Same day vs. next day?
However, though large swathes of consumers are looking for instant gratification, there is a limit to how quickly they want something if they can’t justify the additional cost. PwC found that 41% of consumers are willing to pay a charge for same-day delivery, while nearly a quarter (24%) of shoppers said they would pay more to receive packages within a one-or two-hour window of their choosing.
If you’re a small business that can’t feasibly include same-day in your current offering just yet, don’t worry too much. Convenience for the consumer is also largely about transparency, as IMRG (The UK eCommerce Association) assures: “for now, enabling next-day delivery and optimising the service…is the recommended path to a successful delivery strategy. The thinking here partly comes from their interviewing Lana Jackson, former eCommerce Operations Chief at New Look, who claimed that customers “don’t want things fast – they just want clarity on when it’s going to arrive”.
2. Catering to emotion-based decision making
The topic of convenience leads us neatly onto our next topic. If a lot of consumer behaviour is driven by short-term psychological biases, such as impatience, neuroscientist Gerald Zaltman fleshes this out even further, claiming 95% of customer purchasing decisions are subconscious.
If we dig a little deeper, studies have shown that out of the many cognitive biases people possess, one of the more significant is the preference for immediate rewards and satisfaction over an imagined future reward — even when they might be better or provide more value for money in the long-run.
Another term for this bias is hyperbolic discounting, which marketers have tried tapping into for a few years now by offering instant rewards for consumers. In terms of eCommerce, the logic is that customers value goods when their needs are met quicker, either through the next-day or same-day options. What’s more, free and fast delivery plays on consumers’ fear of risk, so guaranteeing a free next-day delivery option will appeal to the desire to have something soon, if it’s something they suddenly need.
3. Keeping up with the competition
As speedy shipping becomes more desirable, it provides a competitive advantage for the firms who offer it. What is significant here is not just about business you might be missing out on without a rapid retail option, but also brand loyalty.

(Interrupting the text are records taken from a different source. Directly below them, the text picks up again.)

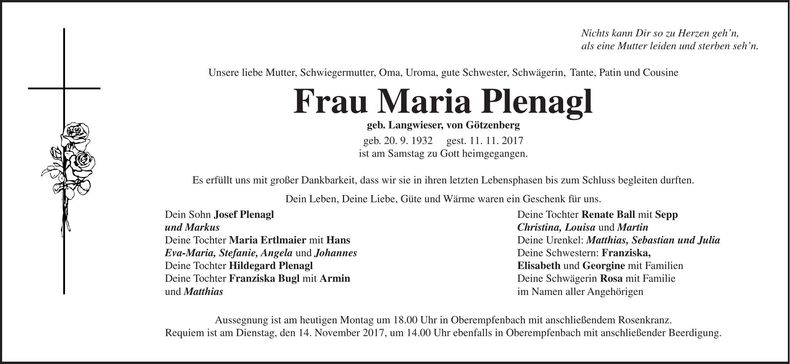 Traueranzeige Maria Plenagl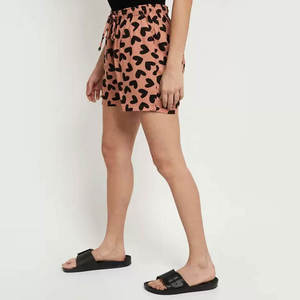 High Quality Women Heart Print Casual Shorts Summer Beach Drawstring High Waist Loose Pajama Shorts <b>Elastic</b> Waist Home Wear - Product Image 4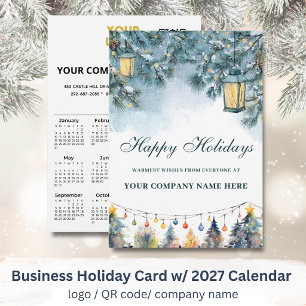 Tarjeta Festiva Calendario 2027 Logo Empresarial QR Festivo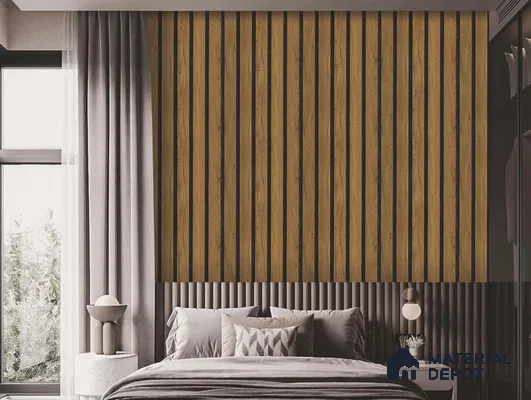 Brown Wooden Louver PN 01644 8 ft x 12 inch Charcoal Panel - 6 mm | Suitable for Feature Wall, TV Unit & Living Room | Width is Subjected to 5% Variation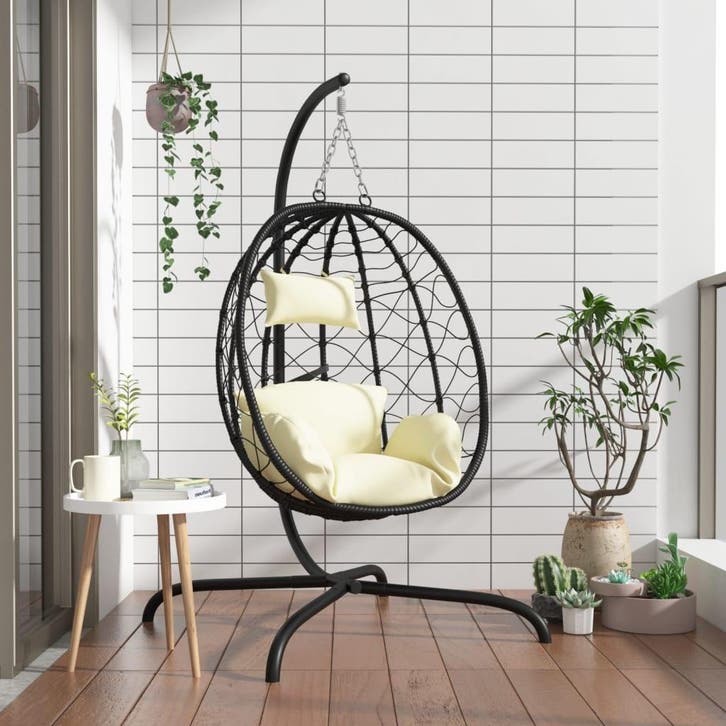 vidaXL Hangende Ei-stoel met Kussen Crèmewit Poly Rattan &, Tuin en Terras, Overige Tuin en Terras, Nieuw, Verzenden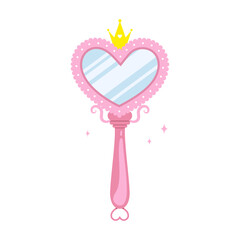 Princess mirror. Baby hand mirror with pink heart border. Handheld Makeup Frame. Vintage Vector illustration in flat cartoon style.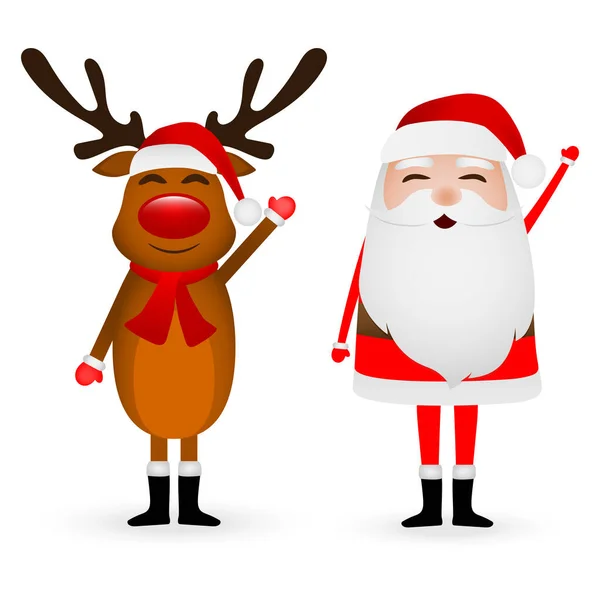 Cartoon funny santa claus and reindeer waving hands isolated on white — Stock Vector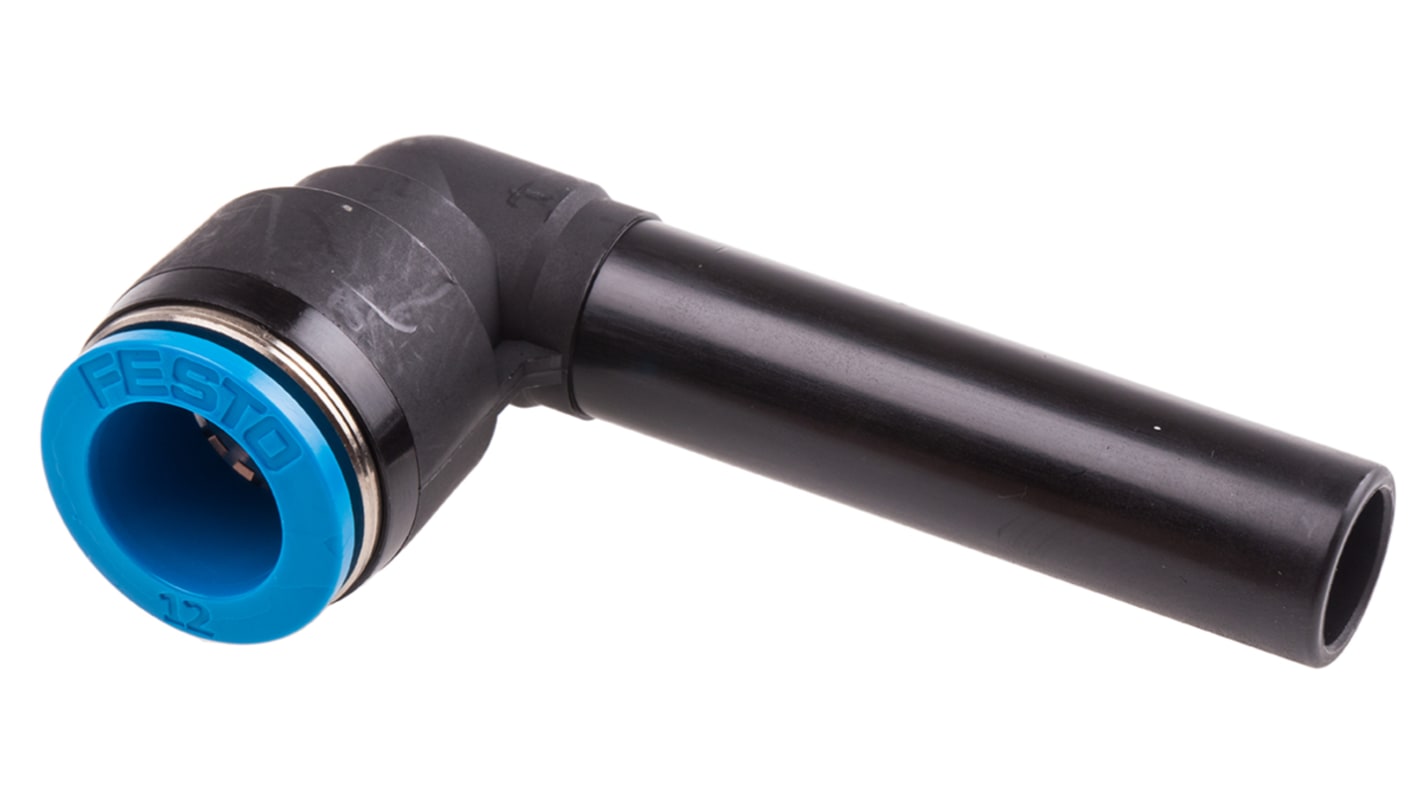 Racor neumático Festo QSL, Adaptador de tubo a tubo acodado, , con. A Encaje a presión, 12 mm, con. B Encaje a presión,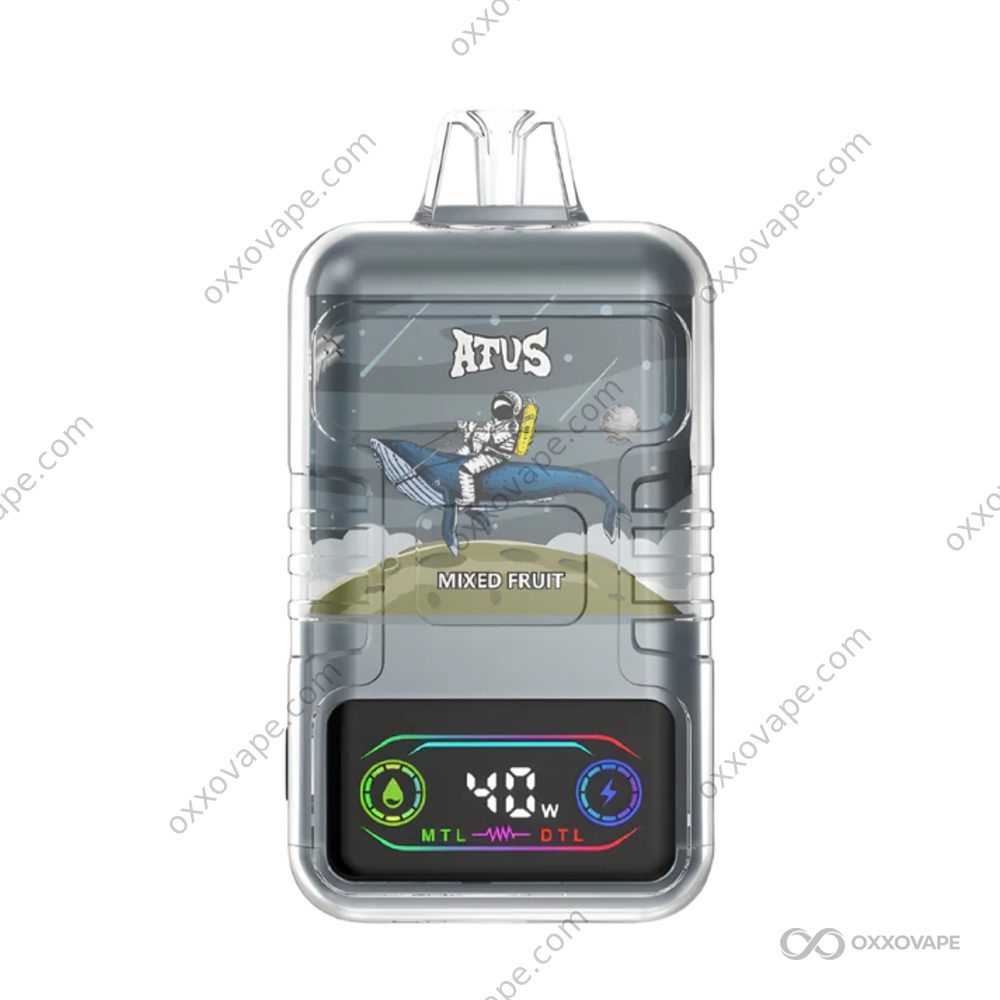Mixed Fruit flavor box for ATVS 30000 vape with colorful multi-fruit collage artwork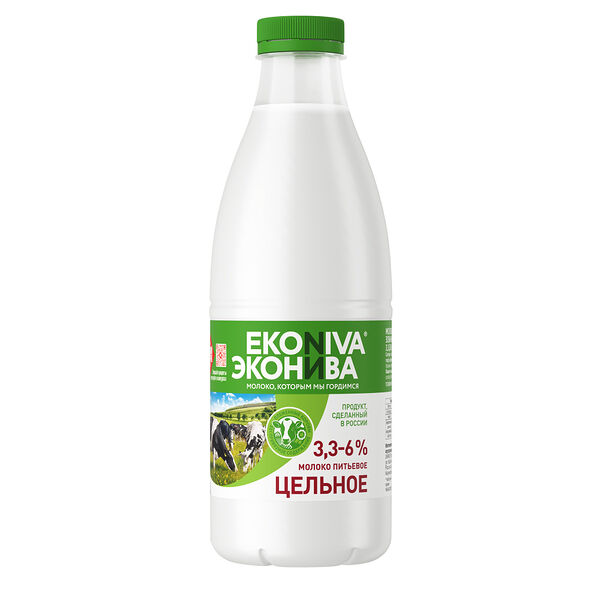 Молоко пастеризованное цельное ЭкоНива 3.3−6%, 1 л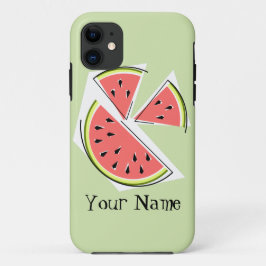 Watermelon Pièces vert "Nom" coque iphone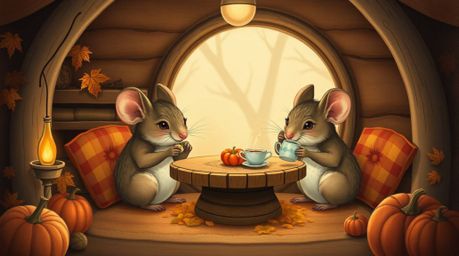 This charming illustration depicts anthropomorphic mice enjoying a delightful tea party within the comforting confines of a c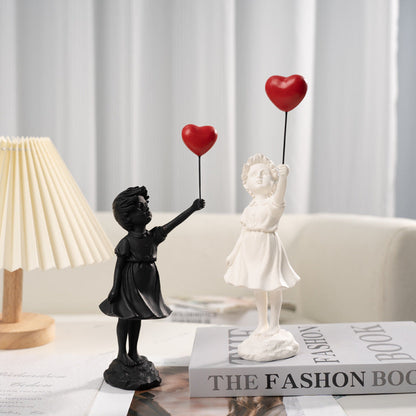 Little Girl with Balloon Resin Art Sculpture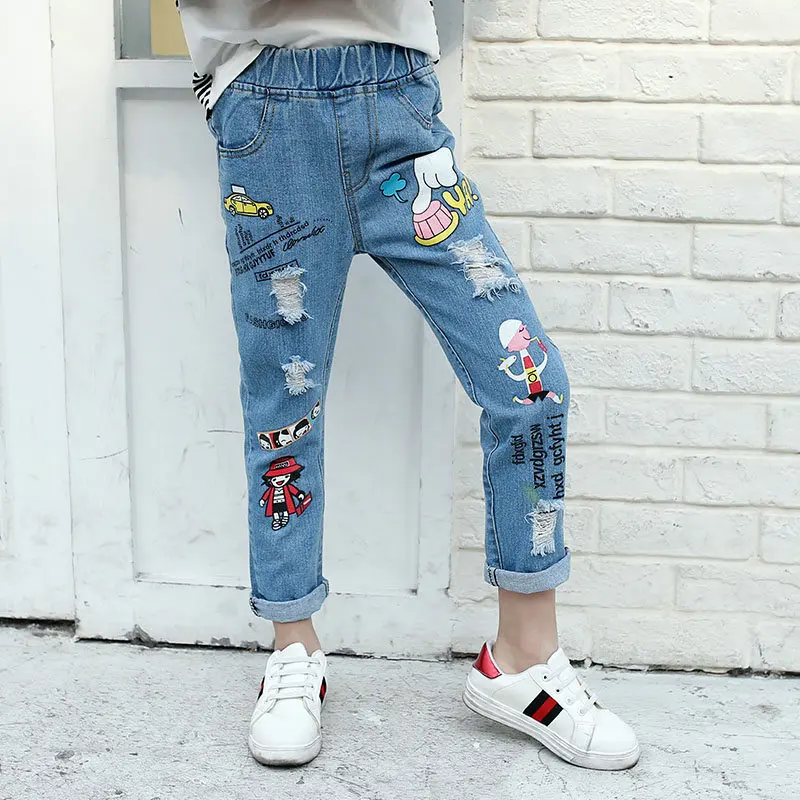 

Girls Autumn with Holes Printed Jeans 2019 New Style Children Big Boy Spring And Autumn Fashion Pants GIRL'S Pants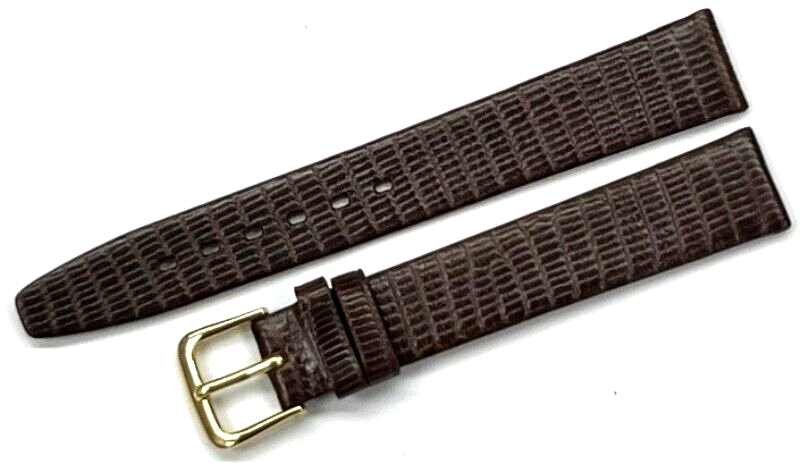New Watch Band Brown 16MM Genuine Leather Lizard Grain Flat Slim
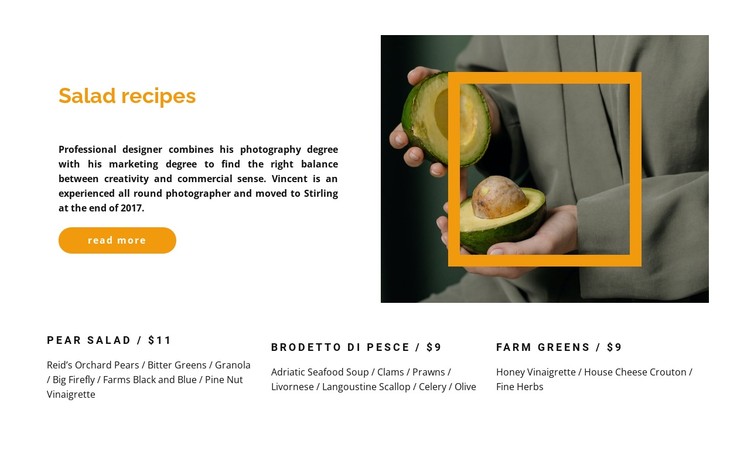 Unusual recipes CSS Template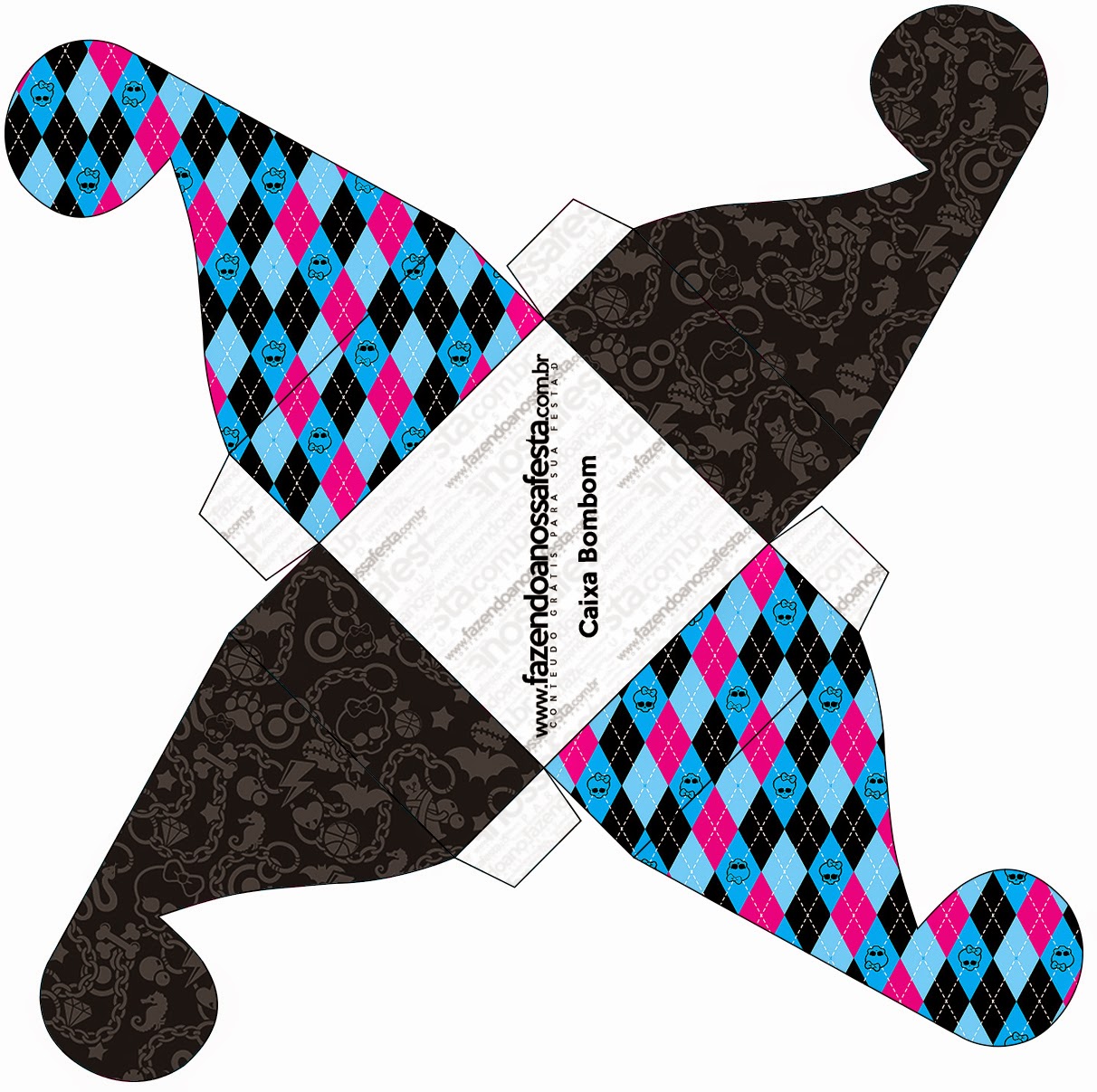 Monster High Negro: Cajas para Imprimir Gratis. Caja para cupcakes o golosinas.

Just take a look at Amazon. Despite its quick deliveries also causing a lot of backlash and negative publicity due to its employee’s squalid working conditions, it doesn’t seem to have affected the behemoth’s sales or share price. In fact, Amazon’s customer retention rate is over 90%. Now, this certainly doesn’t mean the issue of working conditions is not important — but it does highlight, however controversially, that consistently quick dispatches are significant for brand experience and identity, and therefore retention.
That said, you can use this logic of brand loyalty to create another competitive advantage, by combining next-day or same-day delivery with an assurance that your services are ethical (including being sustainable). While it’s true that Amazon remains successful despite its lack of these in certain areas, McKinsey argued that “sustainability programs are not only strongly correlated with good financial performance but also play a role in creating it.” Unless your business model is one that emulates Amazon’s ability to provide pretty much any item you could think of, being both profitable and ethical is very much achievable.
This could mean using electric vehicles to reduce your carbon footprint, and creating working conditions that are focused on staff wellbeing. This will be particularly valuable for reaching Gen Z, as alongside rapid retail, this demographic is full of those who want companies to help them have a positive impact on society. That way, on the speed and sustainability front, your business will be a cut above the rest.